● PROVIDED DATA
┄┄┄┄┄┄┄┄┄┄┄┄┄┄┄┄┄┄┄┄
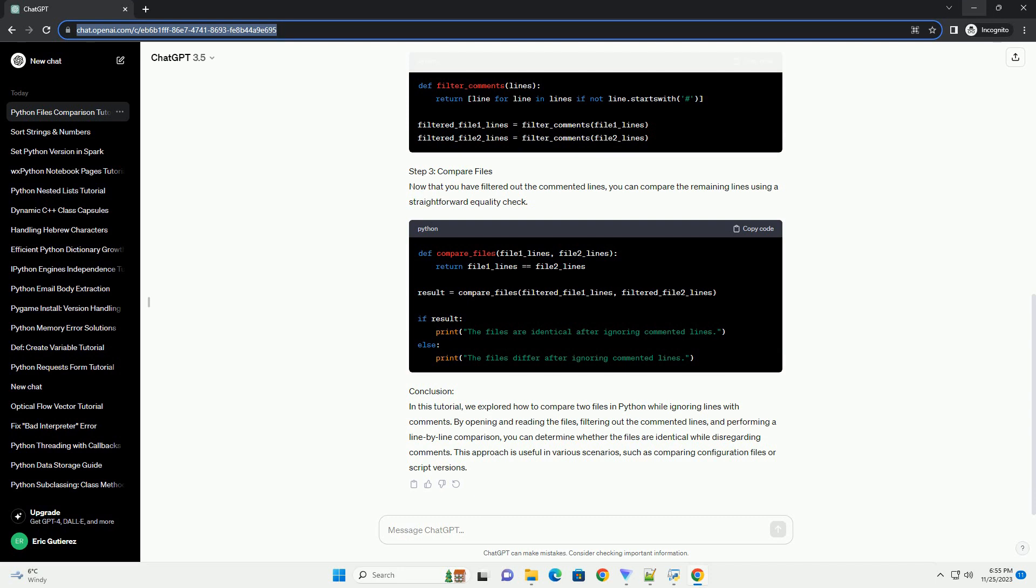Conclusion: In this tutorial, we explored how to compare two files in Python while ignoring lines with comments. By opening and reading the files, filtering out the commented lines, and performing a line-by-line comparison,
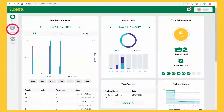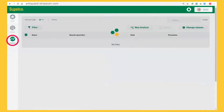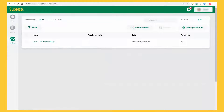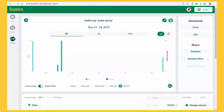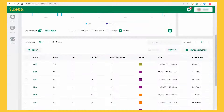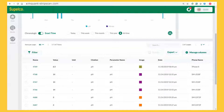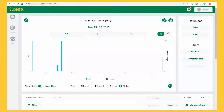You can view and manage your results — for instance, by creating analyses from subsets of your measurements. You have a variety of options to display, graph, and compare your results.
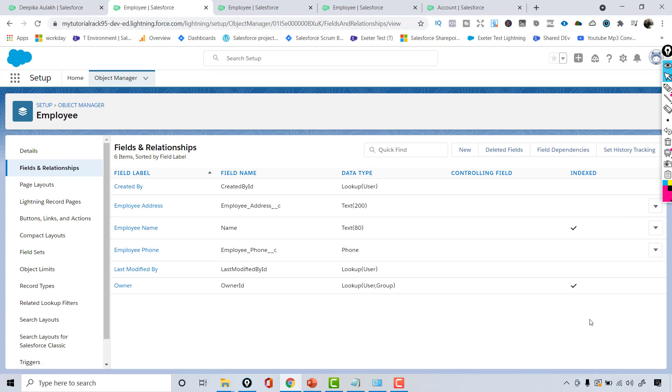So this is how you create a custom field, and we also saw the difference between standard fields and custom fields.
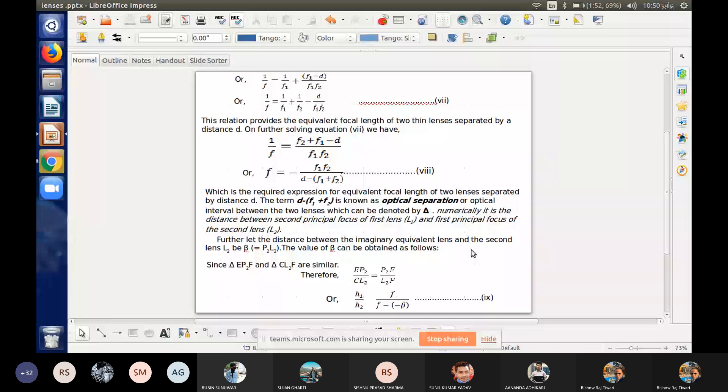The first principal focus of the second lens — the difference between these two focus points is the optical separation.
┄┄┄┄┄┄┄┄┄┄┄┄┄┄┄┄┄┄┄┄
Repeat the material above exactly; pictures do not belong in the copy.

Conclusion: In this tutorial, we explored how to compare two files in Python while ignoring lines with comments. By opening and reading the files, filtering out the commented lines, and performing a line-by-line comparison,
You can view and manage your results — for instance, by creating analyses from subsets of your measurements. You have a variety of options to display, graph, and compare your results.
So this is how you create a custom field, and we also saw the difference between standard fields and custom fields.
The first principal focus of the second lens — the difference between these two focus points is the optical separation.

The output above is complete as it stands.